Moving forward to the present day from my last nostalgic post, let me start my 2015 trip off with a general post on one of my favourite places in Hong Kong; Happy Valley.
To those who picture typical Hong Kong, Happy Valley is quite different. My relatives describes it as the closest place to a typical English village in Hong Kong (and why they’ve made it their home for the last 17-odd years). Happy Valley is quiet, small, has a lovely sense of community and most people seem to know each other when you walk around the Valley.
The name ‘Happy Valley’ came about around the beginning of British colonial rule in 1841. Around then, many soldiers in the area died of malaria, although their cause of death was unknown at the time. The valley became a burial ground for the dead, and from there it acquired the name ‘Happy Valley’ – a euphemism for cemeteries.
It was only a couple of years later when the British decided to build a horseracing course in the Valley and in 1845, the world famous Happy Valley Racehorse opened. Having never been before, I was lucky enough to go in style during this visit – my family were going to an event there in one of the private boxes and they kindly invited me as their plus one!

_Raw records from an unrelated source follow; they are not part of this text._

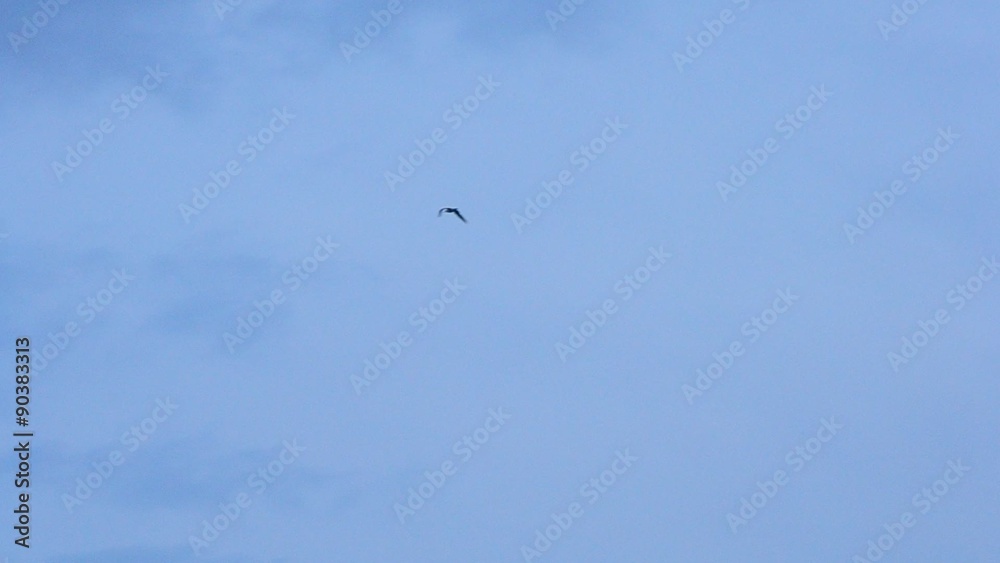 Tern flies beautifully on background of white and blue sky Tern flies beautifully on background of white and blue sky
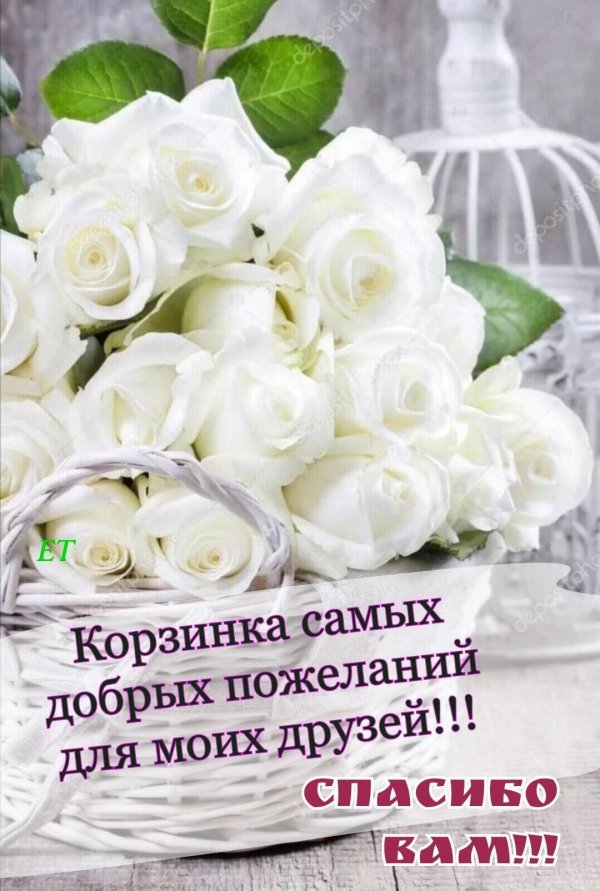 красивая белая роза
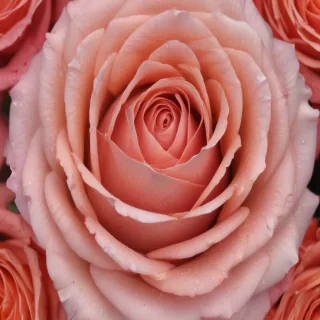 rose flower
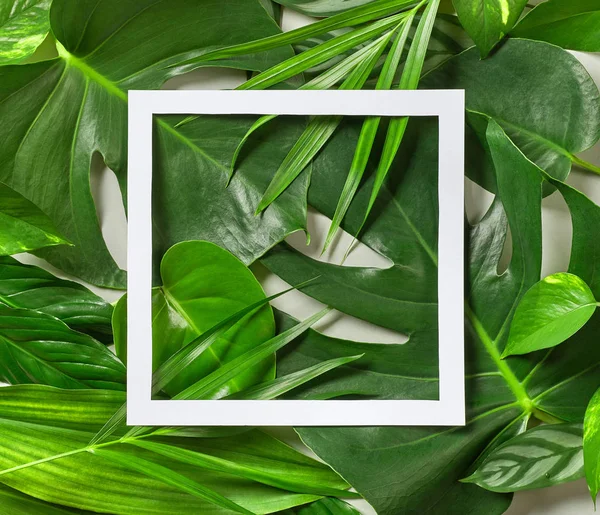 Various tropical leaves and white paper frame — Stock Photo, Image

Happy Valley might not look like the beautiful leafy picturesque villages of the English countryside but it really is a gem amongst the city chaos of Hong Kong. Happy Valley is a very short journey away from Repulse Bay and Stanley, where the views from the steep mountain roads looking down on the leafy valleys, picturesque white buildings and the beautiful blue seafront are stunning. If you entered Hong Kong blindly and then opened your eyes whilst standing over Repulse Bay, there’s not a chance you would think you’re in Hong Kong. Absolutely serene. Repulse Bay is definitely a very misleading name!
Happy Valley itself is also situated right amongst some insane hills (although in the residential parts, all paved and concreted over) so you really need to have a pair of mountain goat legs on you! Walking up those hills in the midday humid heat is definitely a challenge. (Thank goodness for cheap taxis…).
I think one of my greatest triumphs in Hong Kong was when I got in a taxi to go back home to Happy Valley and I managed to tell the driver my address all in Cantonese! And sure enough, I ended up back home. “Paau maa dei, gei lin fong, haa gei lin fong. M goi saai!” “跑馬地,箕璉坊, 下箕璉坊, 唔該晒!” “Happy Valley, Green Lane, Lower Green Lane. Please/Thank you very much!” So there we are, my favourite place in Hong Kong. Home away from home. Have you been to Hong Kong before? What’s your favourite place there?